## Brief descriptive captions
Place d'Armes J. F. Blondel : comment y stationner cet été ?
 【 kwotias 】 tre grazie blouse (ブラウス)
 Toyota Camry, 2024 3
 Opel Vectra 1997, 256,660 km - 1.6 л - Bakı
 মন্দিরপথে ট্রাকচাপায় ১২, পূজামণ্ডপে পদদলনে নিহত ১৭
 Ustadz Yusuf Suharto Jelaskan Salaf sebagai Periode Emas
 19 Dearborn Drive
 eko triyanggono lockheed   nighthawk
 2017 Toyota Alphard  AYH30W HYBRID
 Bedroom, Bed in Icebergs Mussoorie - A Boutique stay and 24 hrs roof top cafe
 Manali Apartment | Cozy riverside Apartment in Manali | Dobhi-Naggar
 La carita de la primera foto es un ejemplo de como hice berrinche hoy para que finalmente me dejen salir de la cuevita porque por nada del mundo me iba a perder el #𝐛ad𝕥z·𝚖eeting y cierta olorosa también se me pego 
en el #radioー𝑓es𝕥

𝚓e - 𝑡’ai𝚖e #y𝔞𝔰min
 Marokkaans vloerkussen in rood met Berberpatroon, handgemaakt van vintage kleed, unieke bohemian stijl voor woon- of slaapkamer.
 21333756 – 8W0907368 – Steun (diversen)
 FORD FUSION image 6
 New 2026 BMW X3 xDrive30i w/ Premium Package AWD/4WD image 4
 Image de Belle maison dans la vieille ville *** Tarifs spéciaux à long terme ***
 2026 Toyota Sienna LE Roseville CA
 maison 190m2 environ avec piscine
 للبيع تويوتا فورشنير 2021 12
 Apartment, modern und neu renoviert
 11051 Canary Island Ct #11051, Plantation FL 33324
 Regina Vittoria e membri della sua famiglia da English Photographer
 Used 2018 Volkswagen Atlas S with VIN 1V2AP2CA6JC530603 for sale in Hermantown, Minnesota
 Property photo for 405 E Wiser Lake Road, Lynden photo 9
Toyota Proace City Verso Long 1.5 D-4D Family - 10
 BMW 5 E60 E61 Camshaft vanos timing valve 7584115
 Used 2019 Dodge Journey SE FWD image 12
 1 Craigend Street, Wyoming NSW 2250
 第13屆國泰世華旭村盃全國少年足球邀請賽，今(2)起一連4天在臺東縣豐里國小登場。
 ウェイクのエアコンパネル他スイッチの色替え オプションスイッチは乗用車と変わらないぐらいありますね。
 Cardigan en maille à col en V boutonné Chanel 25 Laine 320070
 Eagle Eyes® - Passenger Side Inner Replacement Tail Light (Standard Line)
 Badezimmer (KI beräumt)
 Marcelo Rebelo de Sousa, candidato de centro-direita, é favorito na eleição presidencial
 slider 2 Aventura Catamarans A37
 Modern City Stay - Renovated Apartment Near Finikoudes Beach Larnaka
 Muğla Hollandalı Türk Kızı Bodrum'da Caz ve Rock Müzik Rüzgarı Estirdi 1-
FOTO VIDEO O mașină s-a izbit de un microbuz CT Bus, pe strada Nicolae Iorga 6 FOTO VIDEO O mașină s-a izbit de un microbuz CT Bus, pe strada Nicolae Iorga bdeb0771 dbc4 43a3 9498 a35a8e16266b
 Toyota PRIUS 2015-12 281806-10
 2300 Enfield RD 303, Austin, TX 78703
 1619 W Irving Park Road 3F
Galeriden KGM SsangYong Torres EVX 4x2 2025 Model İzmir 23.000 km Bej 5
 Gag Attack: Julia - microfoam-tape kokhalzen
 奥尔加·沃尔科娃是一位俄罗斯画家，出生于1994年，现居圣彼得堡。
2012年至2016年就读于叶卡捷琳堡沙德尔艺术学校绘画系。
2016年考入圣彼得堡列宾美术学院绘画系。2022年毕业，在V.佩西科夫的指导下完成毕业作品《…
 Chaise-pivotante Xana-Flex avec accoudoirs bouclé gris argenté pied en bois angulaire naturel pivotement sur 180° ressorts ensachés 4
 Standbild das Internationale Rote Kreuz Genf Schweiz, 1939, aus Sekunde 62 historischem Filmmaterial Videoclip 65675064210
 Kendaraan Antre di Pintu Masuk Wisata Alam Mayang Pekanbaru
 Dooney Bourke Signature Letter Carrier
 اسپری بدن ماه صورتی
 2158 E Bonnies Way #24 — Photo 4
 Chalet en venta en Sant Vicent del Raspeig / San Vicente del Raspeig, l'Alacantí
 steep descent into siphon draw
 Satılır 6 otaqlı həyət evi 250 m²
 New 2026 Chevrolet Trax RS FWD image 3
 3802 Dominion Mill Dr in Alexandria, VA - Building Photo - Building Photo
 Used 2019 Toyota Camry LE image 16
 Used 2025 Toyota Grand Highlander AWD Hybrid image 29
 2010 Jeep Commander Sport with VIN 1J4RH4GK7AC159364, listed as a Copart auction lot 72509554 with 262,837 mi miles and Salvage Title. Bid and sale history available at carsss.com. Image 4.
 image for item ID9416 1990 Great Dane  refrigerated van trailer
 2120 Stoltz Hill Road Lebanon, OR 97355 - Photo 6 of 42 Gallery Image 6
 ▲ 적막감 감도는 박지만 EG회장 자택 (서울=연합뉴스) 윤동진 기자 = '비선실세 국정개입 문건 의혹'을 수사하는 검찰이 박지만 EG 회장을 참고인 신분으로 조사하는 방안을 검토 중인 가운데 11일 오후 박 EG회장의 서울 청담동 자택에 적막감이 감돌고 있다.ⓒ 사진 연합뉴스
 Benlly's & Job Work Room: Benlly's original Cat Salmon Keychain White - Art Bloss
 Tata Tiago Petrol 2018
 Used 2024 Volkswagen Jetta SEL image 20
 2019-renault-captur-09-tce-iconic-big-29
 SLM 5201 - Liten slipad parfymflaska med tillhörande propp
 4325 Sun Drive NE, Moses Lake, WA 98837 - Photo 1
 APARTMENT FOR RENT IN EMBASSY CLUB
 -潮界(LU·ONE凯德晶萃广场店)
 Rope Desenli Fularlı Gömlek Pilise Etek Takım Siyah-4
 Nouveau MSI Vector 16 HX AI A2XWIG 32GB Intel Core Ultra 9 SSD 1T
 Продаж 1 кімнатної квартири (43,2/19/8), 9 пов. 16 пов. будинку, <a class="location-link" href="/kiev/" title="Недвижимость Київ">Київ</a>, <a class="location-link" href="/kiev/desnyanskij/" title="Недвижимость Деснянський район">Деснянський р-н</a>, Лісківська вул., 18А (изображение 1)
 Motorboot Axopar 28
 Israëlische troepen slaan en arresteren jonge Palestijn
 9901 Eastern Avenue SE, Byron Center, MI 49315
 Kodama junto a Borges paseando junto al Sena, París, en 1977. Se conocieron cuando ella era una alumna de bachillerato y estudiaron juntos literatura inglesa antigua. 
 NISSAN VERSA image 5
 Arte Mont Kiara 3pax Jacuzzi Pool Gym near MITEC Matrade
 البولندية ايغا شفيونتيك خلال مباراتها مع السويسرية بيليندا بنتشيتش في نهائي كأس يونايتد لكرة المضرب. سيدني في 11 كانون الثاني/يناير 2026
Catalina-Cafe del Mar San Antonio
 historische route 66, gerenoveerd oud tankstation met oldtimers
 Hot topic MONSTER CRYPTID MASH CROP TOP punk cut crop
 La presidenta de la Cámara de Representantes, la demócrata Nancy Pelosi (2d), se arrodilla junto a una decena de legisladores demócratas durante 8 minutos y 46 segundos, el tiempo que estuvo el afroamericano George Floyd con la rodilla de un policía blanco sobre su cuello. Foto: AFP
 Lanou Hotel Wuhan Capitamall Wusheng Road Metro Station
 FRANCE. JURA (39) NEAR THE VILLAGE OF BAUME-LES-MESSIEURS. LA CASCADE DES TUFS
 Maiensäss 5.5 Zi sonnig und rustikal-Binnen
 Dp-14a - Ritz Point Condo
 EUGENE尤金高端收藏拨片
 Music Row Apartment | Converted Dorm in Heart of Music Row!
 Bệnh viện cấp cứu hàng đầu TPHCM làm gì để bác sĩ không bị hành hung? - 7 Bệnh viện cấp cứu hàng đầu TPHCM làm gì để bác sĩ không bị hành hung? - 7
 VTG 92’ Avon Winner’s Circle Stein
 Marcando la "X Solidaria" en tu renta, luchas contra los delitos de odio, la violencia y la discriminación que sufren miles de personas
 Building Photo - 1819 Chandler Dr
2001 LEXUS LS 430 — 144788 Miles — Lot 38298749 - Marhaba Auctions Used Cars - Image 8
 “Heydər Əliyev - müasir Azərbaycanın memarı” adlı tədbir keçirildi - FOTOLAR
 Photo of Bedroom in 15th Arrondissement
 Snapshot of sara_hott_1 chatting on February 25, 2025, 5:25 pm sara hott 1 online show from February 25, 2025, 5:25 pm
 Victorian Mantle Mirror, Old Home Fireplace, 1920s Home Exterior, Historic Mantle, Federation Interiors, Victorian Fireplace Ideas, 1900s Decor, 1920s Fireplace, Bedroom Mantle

## WHAT YOU NEED TO DO
Scan the entries above for the line containing "Regina Vittoria e", and copy it and all lines after it exactly, down to and including the line containing "1 Craigend Street, Wyoming NSW 2250".

## EXERCISE OUTPUT
 Regina Vittoria e membri della sua famiglia da English Photographer
 Used 2018 Volkswagen Atlas S with VIN 1V2AP2CA6JC530603 for sale in Hermantown, Minnesota
 Property photo for 405 E Wiser Lake Road, Lynden photo 9
Toyota Proace City Verso Long 1.5 D-4D Family - 10
 BMW 5 E60 E61 Camshaft vanos timing valve 7584115
 Used 2019 Dodge Journey SE FWD image 12
 1 Craigend Street, Wyoming NSW 2250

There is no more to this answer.